* **Stored data**:

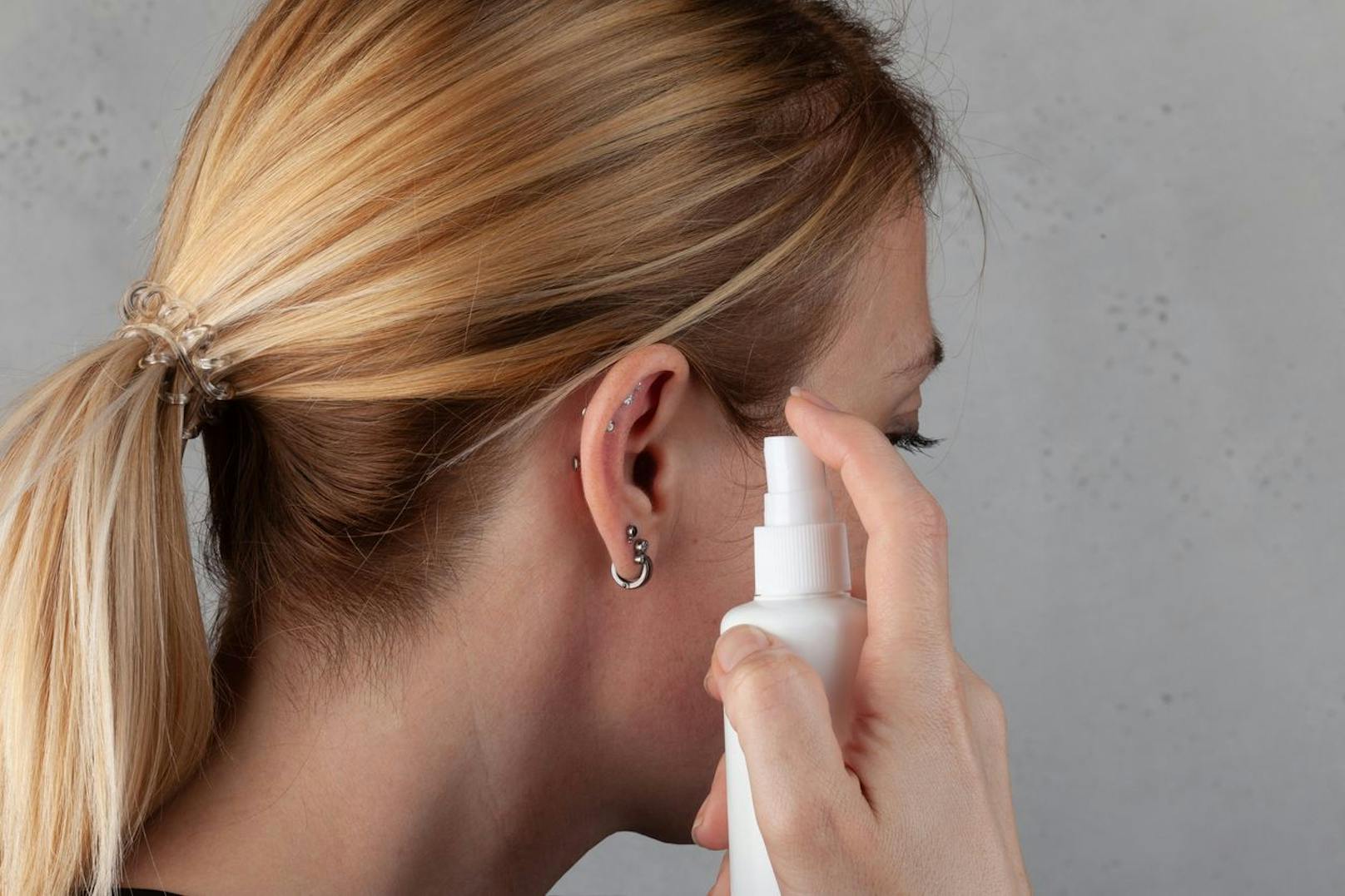 Besonders frisch gestochene Ohrlöcher neigen dazu einen faulen Geruch abzugeben. Reinige deinen neuen Einstich mit einem Piercing-Spray, damit die neuen Hautzellen, die sich bilden nicht so unangenehm riechen. 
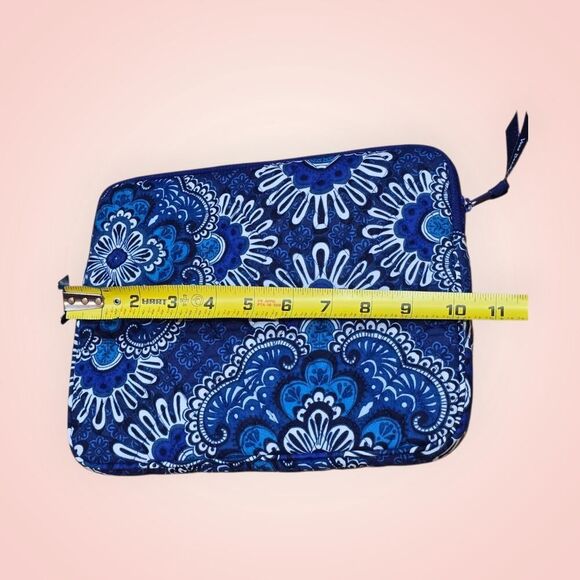 Vera Bradley Tablet Sleeve Blue Tapestry Universal Padded Women's - Picture 7 of 8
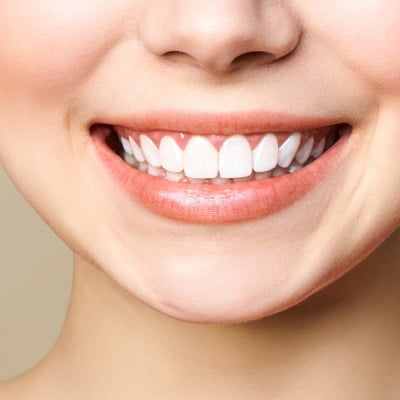 The Role of Diet in Maintaining Clean and Healthy Teeth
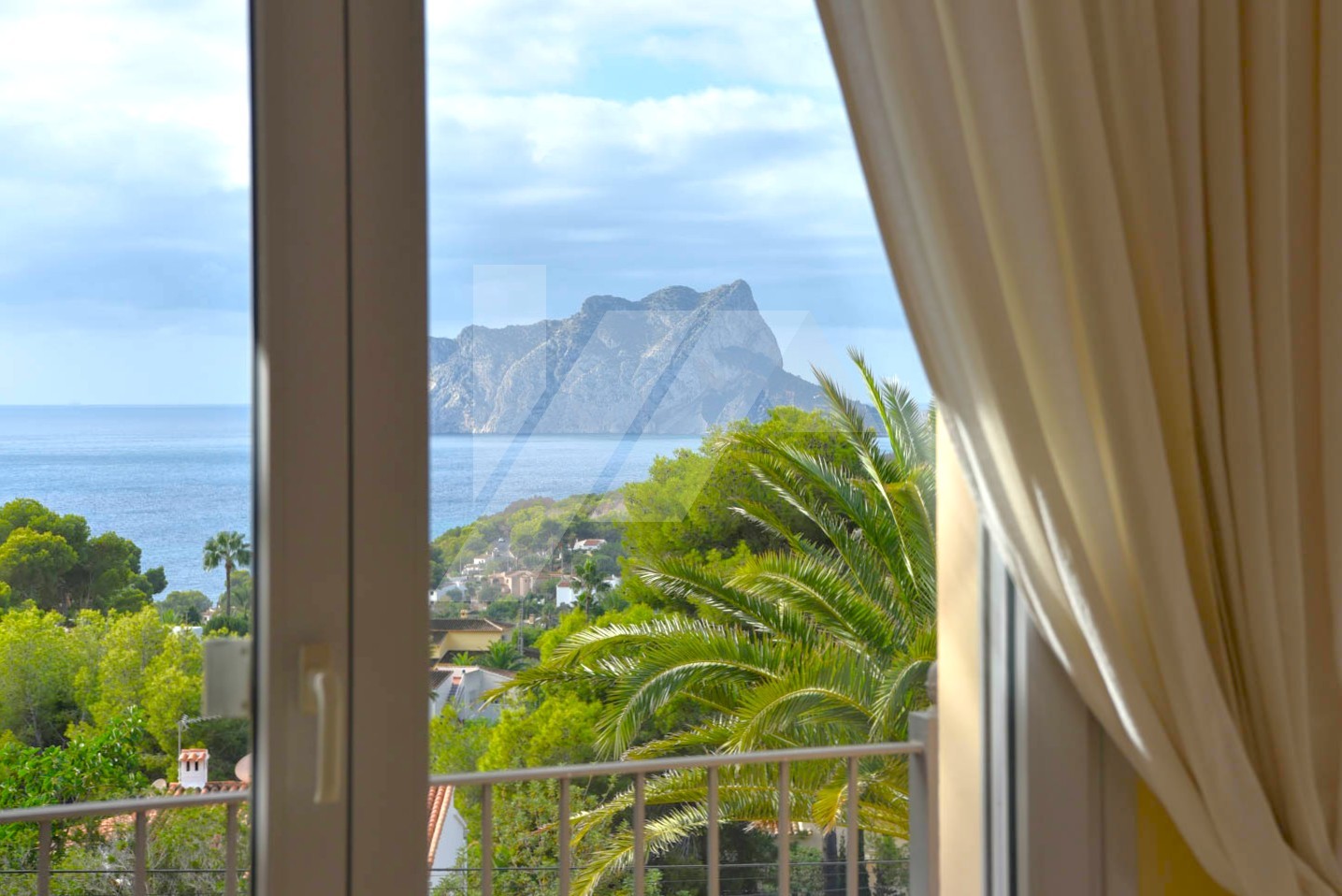Villa zum Verkauf in San Jaime, Benissa Costa, Costa Blanca.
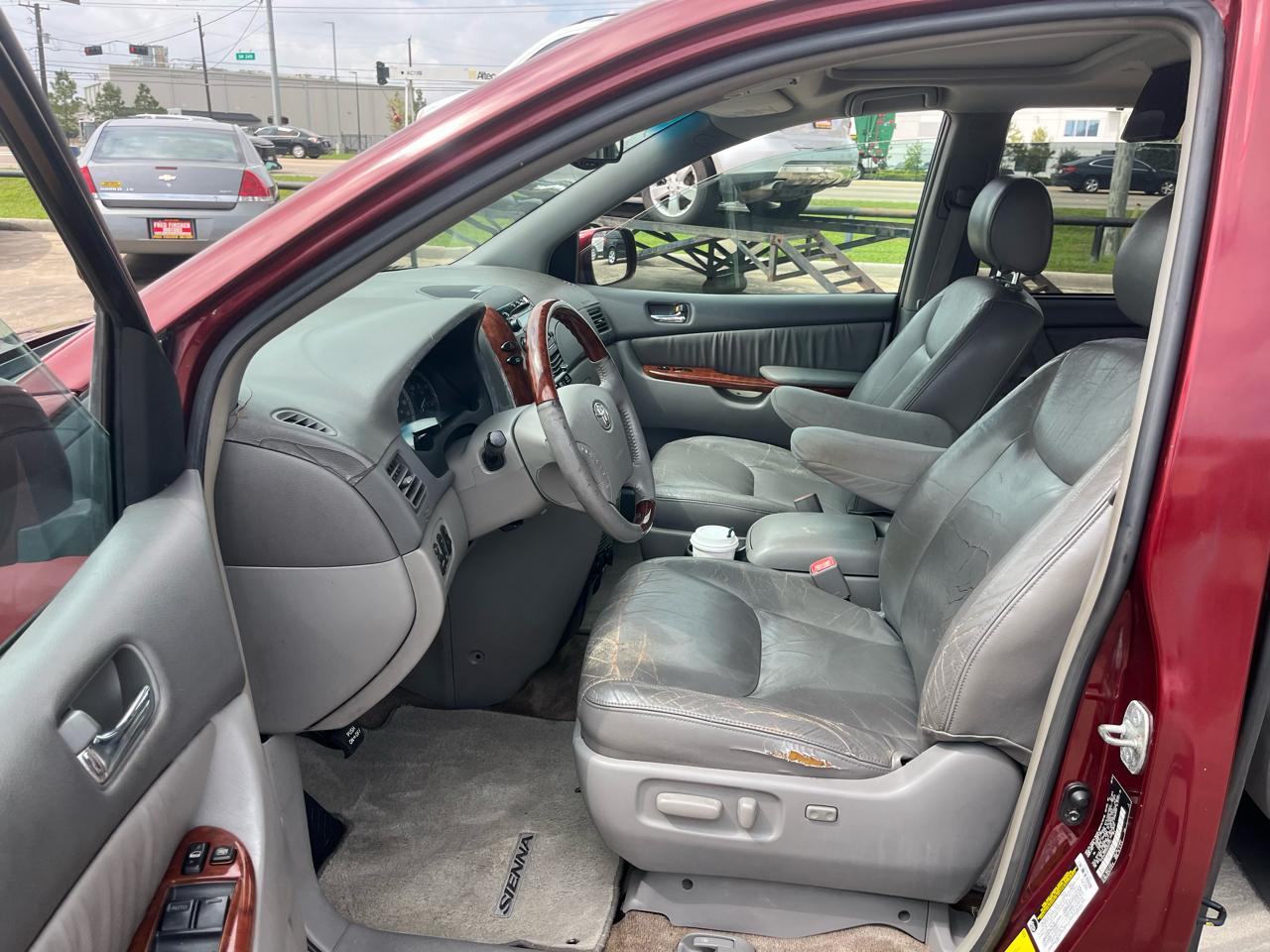 Toyota Sienna XLE 2005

* **Action item**: Once the line holding "Villa zum Verkauf" is found, set down that line and every line after it, exactly, through the last line of the records above, omitting pictures.

* **Response to this exercise**:
Villa zum Verkauf in San Jaime, Benissa Costa, Costa Blanca.
 Toyota Sienna XLE 2005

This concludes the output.